According to Pretorius, the results showed that aside from making payments and managing accounts, online banking users are becoming increasingly likely to log in to apply for new banking products (59%) such as loans and overdrafts. Users also showed an increased likelihood to buy airtime (60% up from 53%), data (29% up from 23%) and lottery tickets (19% up from 13%) via their online banking service.

“Customer satisfaction with internet banking facilities was compared again this year using Columinate’s SITEisfaction measure. The results revealed that FNB has stretched its lead over the competitors by attaining a SITEisfaction score of 75, which is the highest score measured to date. Capitec has surprised again by achieving an overall second position in the ranking with a score of 62, outdoing three more established players in the process. Standard Bank and Nedbank are tied with a score of 50, whilst Absa attained the lowest score of 36.

Pretorius says that FNB’s achievement is due to its ability to offer the most comprehensive service that performs on all levels. “FNB users are most likely to report that their e-banking is user-friendly, innovative and secure. FNB has also succeeded in getting users to utilise more of the available services than other banking users. This has positive implications for both the users who capitalize on the convenience of internet banking and for the bank to ensure greater customer loyalty”.

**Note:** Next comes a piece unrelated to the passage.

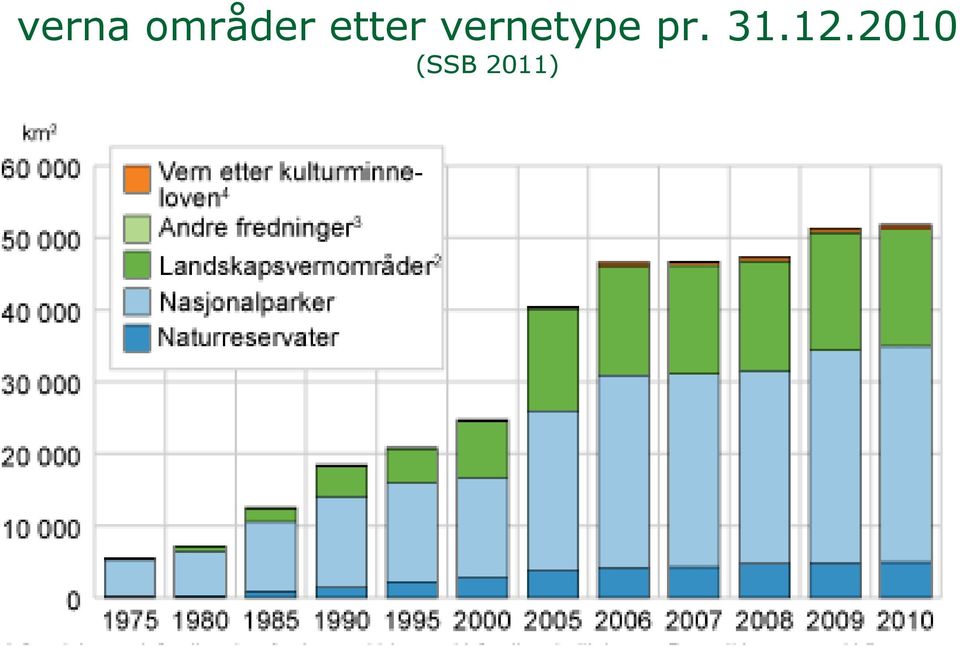 vernetype pr.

Other findings revealed that fraud remains a concern for e-bankers, with phishing attacks still the most common type of fraud. The number of users who have been a target of fraud has increased to over 50% this year, which is a worrying trend. Pretorius notes that the variety of financial fraud types has increased in recent years. “Banking customers have to contend with familiar and novel attacks on their accounts: phishing, smishing, deposit refund scams, 419 scams and so the list goes on. It’s no surprise then that awareness of the different scams differs widely. While 90% have heard of phishing, only 54% have heard of the SMS version of this scam, called ‘smishing’. This shows the difficulty in educating customers on how to be vigilant against these attacks.”

Pretorius adds, “The reluctance of banking users to use these services is predominantly due to security concerns, lack of clarity on protection from users banks if accounts are linked to the service, and low awareness of the advantages offered by these tools.”

Meanwhile, in other more recent developments, various online financial management tools have been launched locally by banks and third parties alike. The survey results revealed that awareness (11%) and usage (2%) of these services remain very low and on par with last year.